__GOAL OF THE EXERCISE__. Find where "May include: A" appears in the records below, then return that line and every later line exactly, stopping only at the last line.

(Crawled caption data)
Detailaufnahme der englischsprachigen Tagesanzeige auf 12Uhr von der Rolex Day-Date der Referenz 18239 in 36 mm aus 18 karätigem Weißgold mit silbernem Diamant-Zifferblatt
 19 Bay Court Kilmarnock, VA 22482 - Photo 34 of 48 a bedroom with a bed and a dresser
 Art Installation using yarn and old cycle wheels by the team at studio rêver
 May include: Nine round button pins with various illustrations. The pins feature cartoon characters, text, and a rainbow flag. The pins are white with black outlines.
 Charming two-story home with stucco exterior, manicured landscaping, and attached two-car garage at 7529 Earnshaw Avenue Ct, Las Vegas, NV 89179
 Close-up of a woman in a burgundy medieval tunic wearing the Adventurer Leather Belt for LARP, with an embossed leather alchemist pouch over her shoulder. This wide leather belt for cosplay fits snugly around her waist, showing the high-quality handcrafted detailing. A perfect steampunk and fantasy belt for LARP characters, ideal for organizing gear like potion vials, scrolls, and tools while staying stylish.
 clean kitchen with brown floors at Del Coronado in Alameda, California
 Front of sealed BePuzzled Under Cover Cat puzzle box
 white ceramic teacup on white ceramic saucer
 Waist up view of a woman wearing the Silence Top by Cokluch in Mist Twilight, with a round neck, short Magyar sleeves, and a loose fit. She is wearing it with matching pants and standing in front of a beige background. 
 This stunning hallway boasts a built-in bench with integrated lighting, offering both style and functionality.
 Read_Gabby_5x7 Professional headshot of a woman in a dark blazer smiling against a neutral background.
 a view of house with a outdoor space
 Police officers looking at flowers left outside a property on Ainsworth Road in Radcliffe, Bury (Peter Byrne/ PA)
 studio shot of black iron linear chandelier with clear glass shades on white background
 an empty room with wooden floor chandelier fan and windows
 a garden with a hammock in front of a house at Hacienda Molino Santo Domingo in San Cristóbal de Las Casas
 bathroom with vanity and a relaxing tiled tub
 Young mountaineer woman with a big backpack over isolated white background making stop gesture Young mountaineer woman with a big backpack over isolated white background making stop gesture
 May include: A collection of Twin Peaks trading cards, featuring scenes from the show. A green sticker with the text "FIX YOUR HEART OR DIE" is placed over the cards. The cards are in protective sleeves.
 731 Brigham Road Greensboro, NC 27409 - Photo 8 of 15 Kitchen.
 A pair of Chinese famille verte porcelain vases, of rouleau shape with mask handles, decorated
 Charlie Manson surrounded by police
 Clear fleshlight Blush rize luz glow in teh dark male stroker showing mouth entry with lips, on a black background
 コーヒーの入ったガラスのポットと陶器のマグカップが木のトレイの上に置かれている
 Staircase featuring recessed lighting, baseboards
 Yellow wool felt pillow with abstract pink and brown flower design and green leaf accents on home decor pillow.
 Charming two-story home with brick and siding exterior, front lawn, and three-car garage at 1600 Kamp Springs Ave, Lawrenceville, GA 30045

__TASK RESULT__.
 May include: A collection of Twin Peaks trading cards, featuring scenes from the show. A green sticker with the text "FIX YOUR HEART OR DIE" is placed over the cards. The cards are in protective sleeves.
 731 Brigham Road Greensboro, NC 27409 - Photo 8 of 15 Kitchen.
 A pair of Chinese famille verte porcelain vases, of rouleau shape with mask handles, decorated
 Charlie Manson surrounded by police
 Clear fleshlight Blush rize luz glow in teh dark male stroker showing mouth entry with lips, on a black background
 コーヒーの入ったガラスのポットと陶器のマグカップが木のトレイの上に置かれている
 Staircase featuring recessed lighting, baseboards
 Yellow wool felt pillow with abstract pink and brown flower design and green leaf accents on home decor pillow.
 Charming two-story home with brick and siding exterior, front lawn, and three-car garage at 1600 Kamp Springs Ave, Lawrenceville, GA 30045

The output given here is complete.